Both Systems Appear as MASTER

This will happen if the secondary cannot see the CARP advertisements from the primary. Check for firewall rules, connectivity trouble, switch configurations. Also check the system logs for any relevant errors that may lead to a solution. If this is encountered in a Virtual Machine (VM) Product such as ESX, see Troubleshooting High Availability Clusters in Virtual Environments.
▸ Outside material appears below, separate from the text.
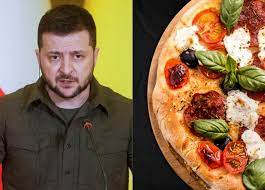 People request to prepare pizza for those who are resisting the Russian invasion.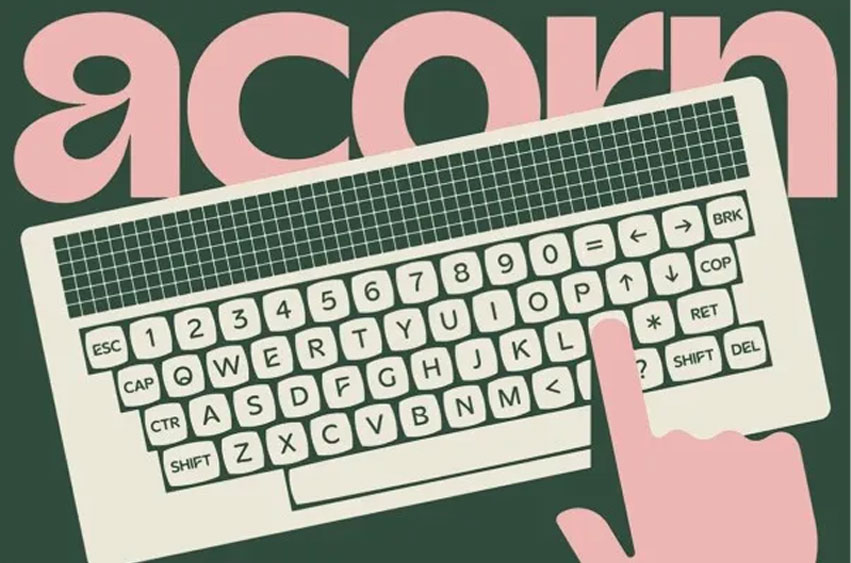 Acorn Font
Primary system is stuck as BACKUP

In some cases, this is may happen normally for a short period after a system comes back online. However, certain hardware failures or other error conditions can cause a server to silently take on a high advskew of 240 in order to signal that it still has a problem and should not become master. This can check be checked from the GUI, or via the shell or Diagnostics > Command.
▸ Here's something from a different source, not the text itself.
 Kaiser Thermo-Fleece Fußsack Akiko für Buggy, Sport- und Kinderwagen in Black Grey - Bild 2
In the GUI, this condition is printed in an error message on Status > CARP.

../_images/ha-carp-demoted.png

CARP Status when Primary is demoted

From the shell or Diagnostics > Command, run the following command to check for a demotion:

#  sysctl net.inet.carp.demotion
net.inet.carp.demotion: 240

If the value is greater than 0, the node has demoted itself.

In that case, isolate the firewall, check its network connections, and perform further hardware testing.

If the demotion value is 0 and the primary node still appears to be demoting itself to BACKUP or is flapping, check the network to ensure there are no layer 2 loops. If the firewall receives back its own heartbeats from the switch, it can also trigger a change to BACKUP status.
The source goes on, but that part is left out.